→ **Exercise data**:

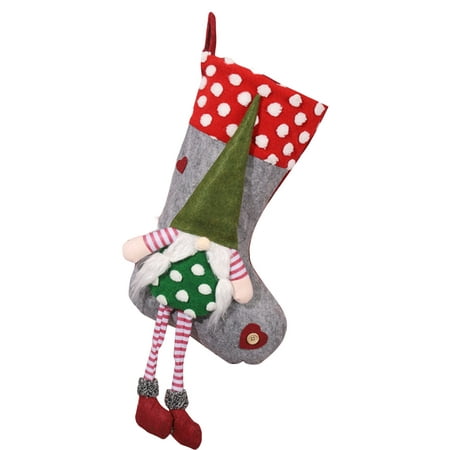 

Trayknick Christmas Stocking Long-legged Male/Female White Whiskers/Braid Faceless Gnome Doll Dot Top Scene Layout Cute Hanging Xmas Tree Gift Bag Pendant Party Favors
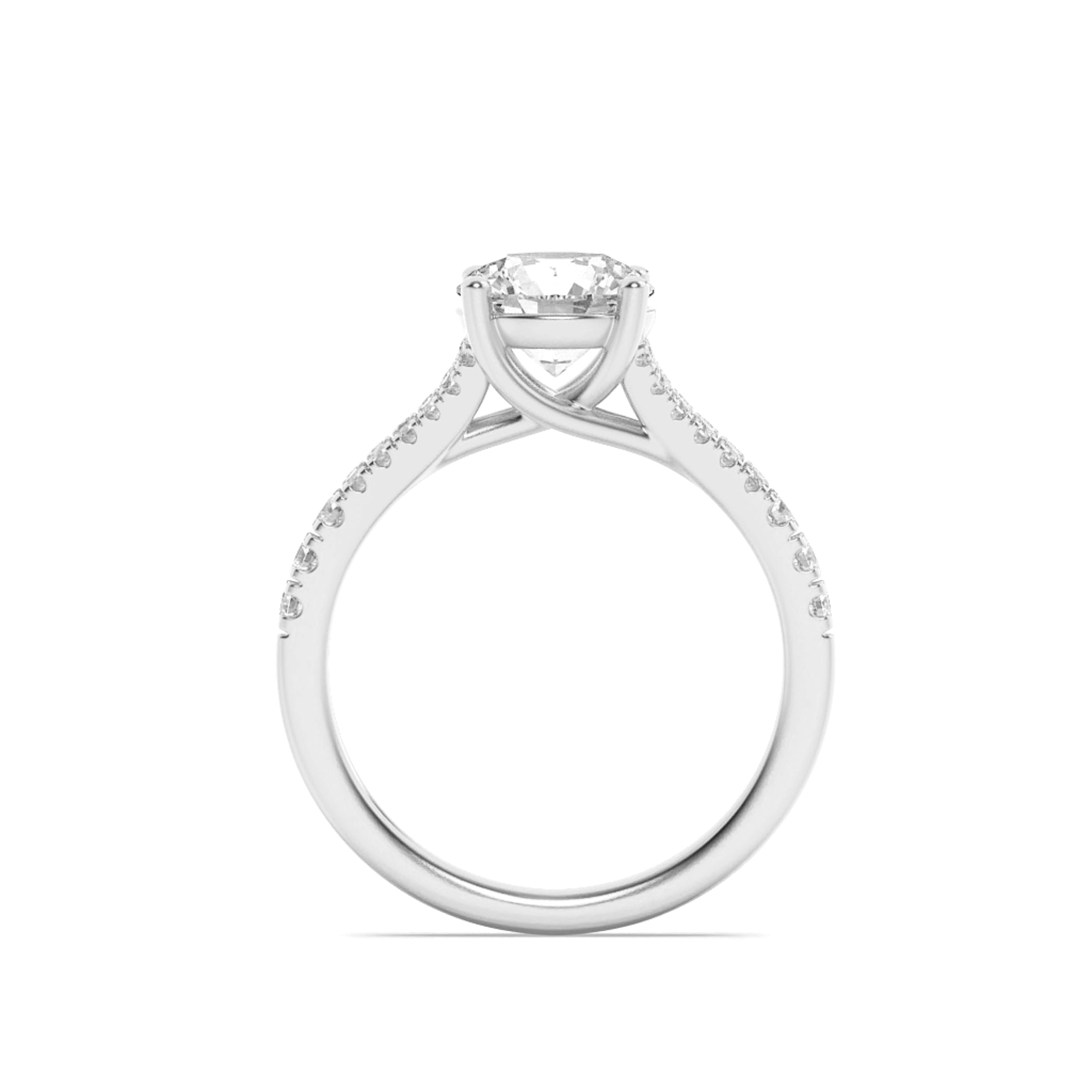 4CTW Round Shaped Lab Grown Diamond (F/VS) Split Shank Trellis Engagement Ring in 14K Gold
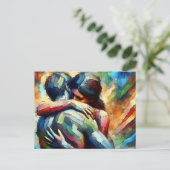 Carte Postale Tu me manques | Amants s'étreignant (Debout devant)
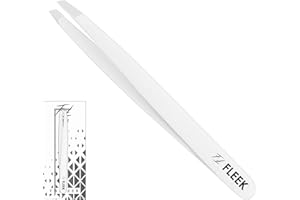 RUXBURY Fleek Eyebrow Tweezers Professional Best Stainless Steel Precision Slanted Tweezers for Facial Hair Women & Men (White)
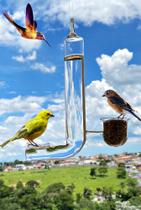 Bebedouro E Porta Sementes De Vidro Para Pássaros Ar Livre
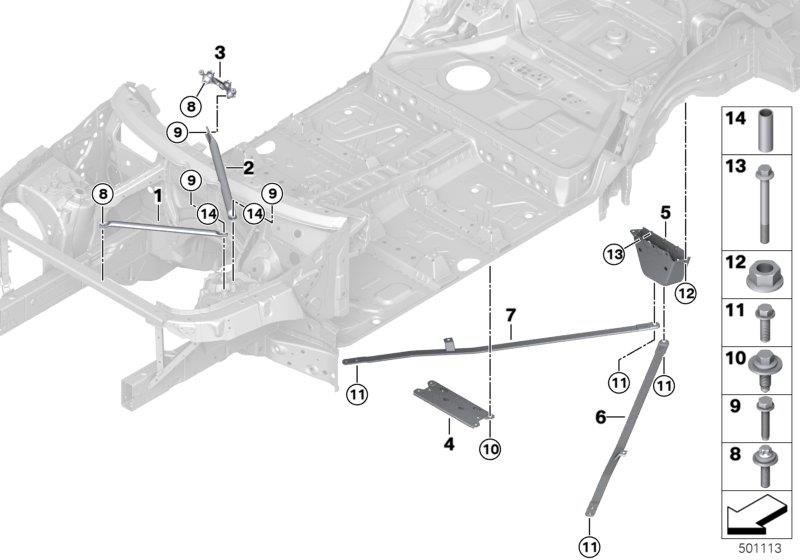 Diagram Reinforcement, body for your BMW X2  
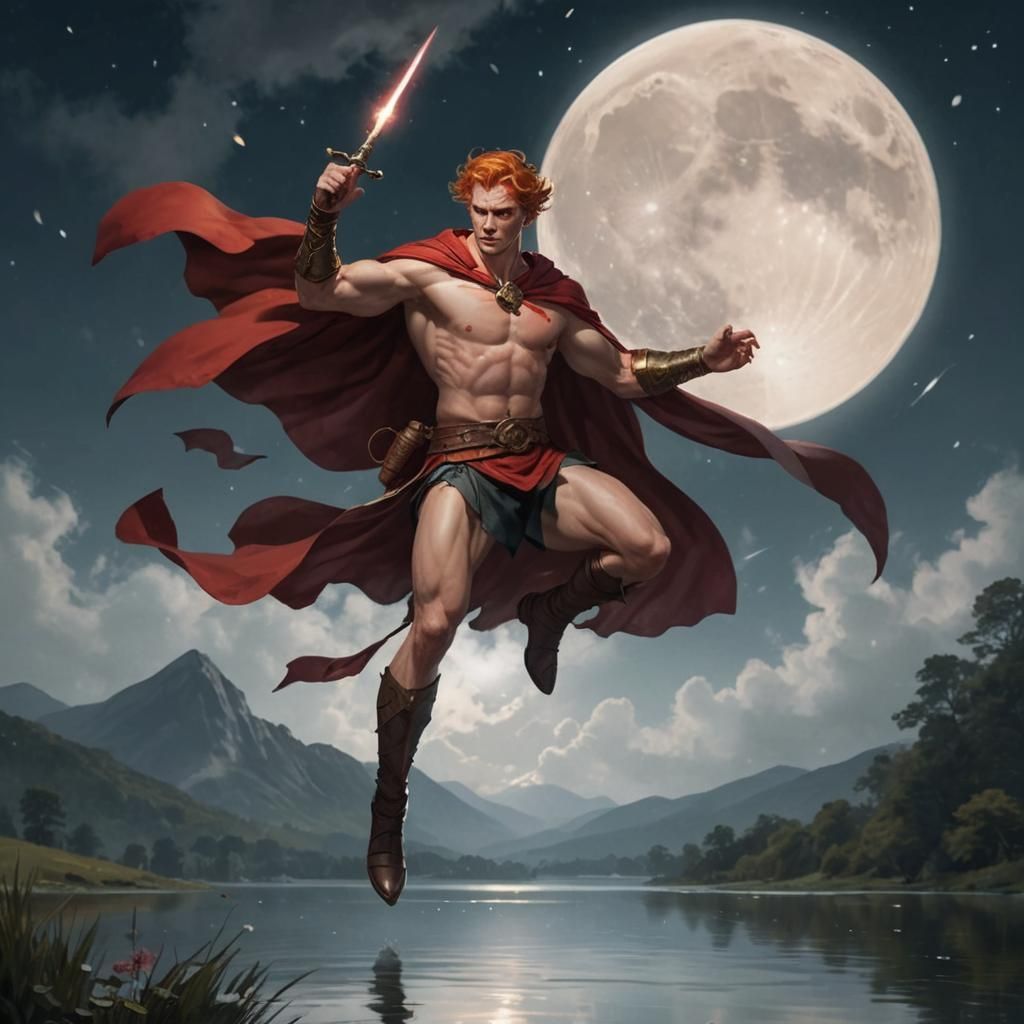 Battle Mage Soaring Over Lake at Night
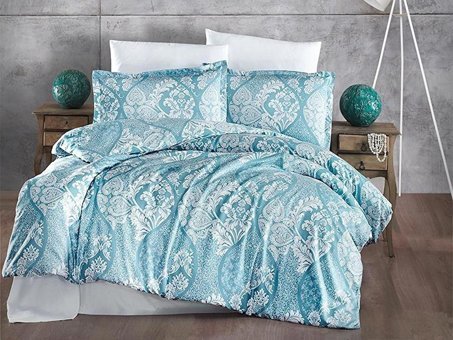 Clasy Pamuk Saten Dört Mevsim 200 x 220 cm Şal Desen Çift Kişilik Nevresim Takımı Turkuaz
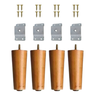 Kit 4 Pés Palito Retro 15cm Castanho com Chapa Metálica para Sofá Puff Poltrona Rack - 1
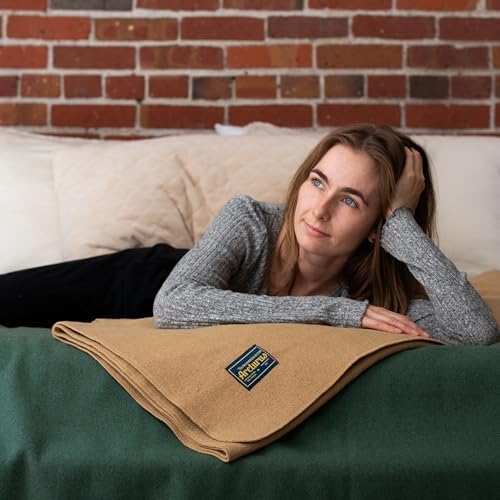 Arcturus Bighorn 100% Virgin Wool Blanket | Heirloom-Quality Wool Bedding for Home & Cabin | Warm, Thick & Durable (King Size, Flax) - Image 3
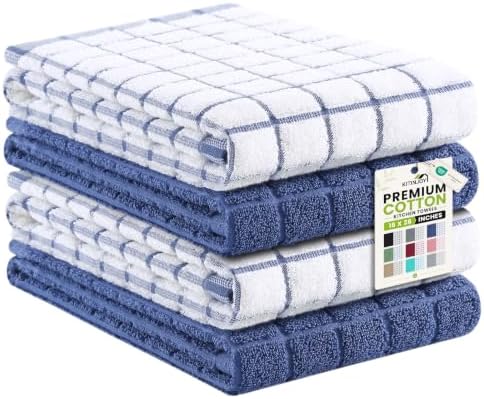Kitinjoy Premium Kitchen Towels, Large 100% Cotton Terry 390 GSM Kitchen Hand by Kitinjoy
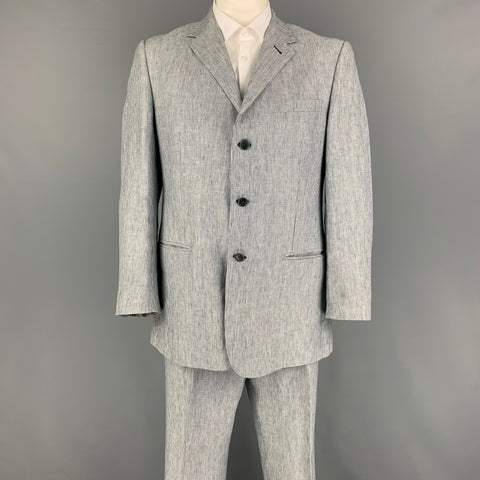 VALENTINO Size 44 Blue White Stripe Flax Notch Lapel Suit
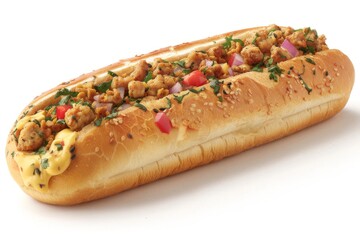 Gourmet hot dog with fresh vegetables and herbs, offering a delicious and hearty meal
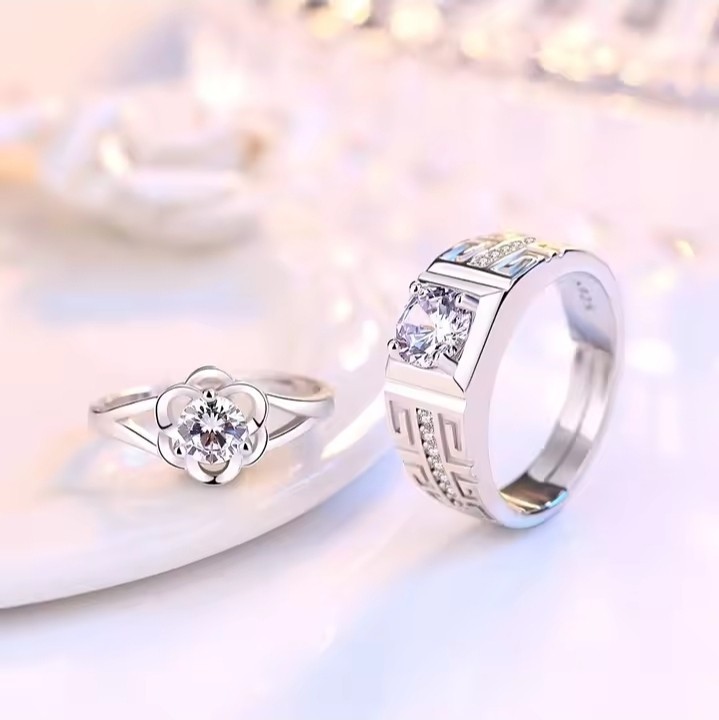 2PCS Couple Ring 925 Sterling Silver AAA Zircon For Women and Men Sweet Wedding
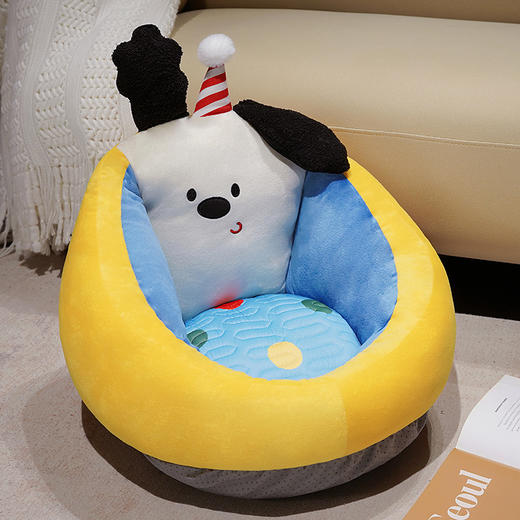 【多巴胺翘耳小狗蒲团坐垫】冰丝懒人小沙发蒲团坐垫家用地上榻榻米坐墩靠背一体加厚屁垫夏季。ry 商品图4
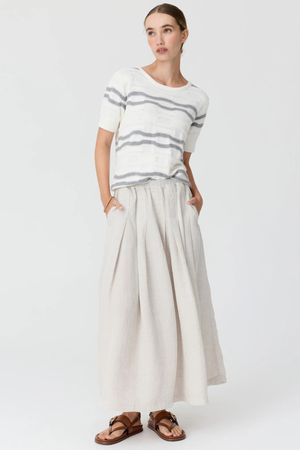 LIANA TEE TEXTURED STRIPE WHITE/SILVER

→ **What to do**: Every line from the one containing "Arcturus Bighorn 100%" through the last line of the data is to be retyped exactly, with nothing added and no pictures included.

→ **Exercise answer**:
 Arcturus Bighorn 100% Virgin Wool Blanket | Heirloom-Quality Wool Bedding for Home & Cabin | Warm, Thick & Durable (King Size, Flax) - Image 3
Kitinjoy Premium Kitchen Towels, Large 100% Cotton Terry 390 GSM Kitchen Hand by Kitinjoy
 VALENTINO Size 44 Blue White Stripe Flax Notch Lapel Suit
 Gourmet hot dog with fresh vegetables and herbs, offering a delicious and hearty meal
 2PCS Couple Ring 925 Sterling Silver AAA Zircon For Women and Men Sweet Wedding
 【多巴胺翘耳小狗蒲团坐垫】冰丝懒人小沙发蒲团坐垫家用地上榻榻米坐墩靠背一体加厚屁垫夏季。ry 商品图4
 LIANA TEE TEXTURED STRIPE WHITE/SILVER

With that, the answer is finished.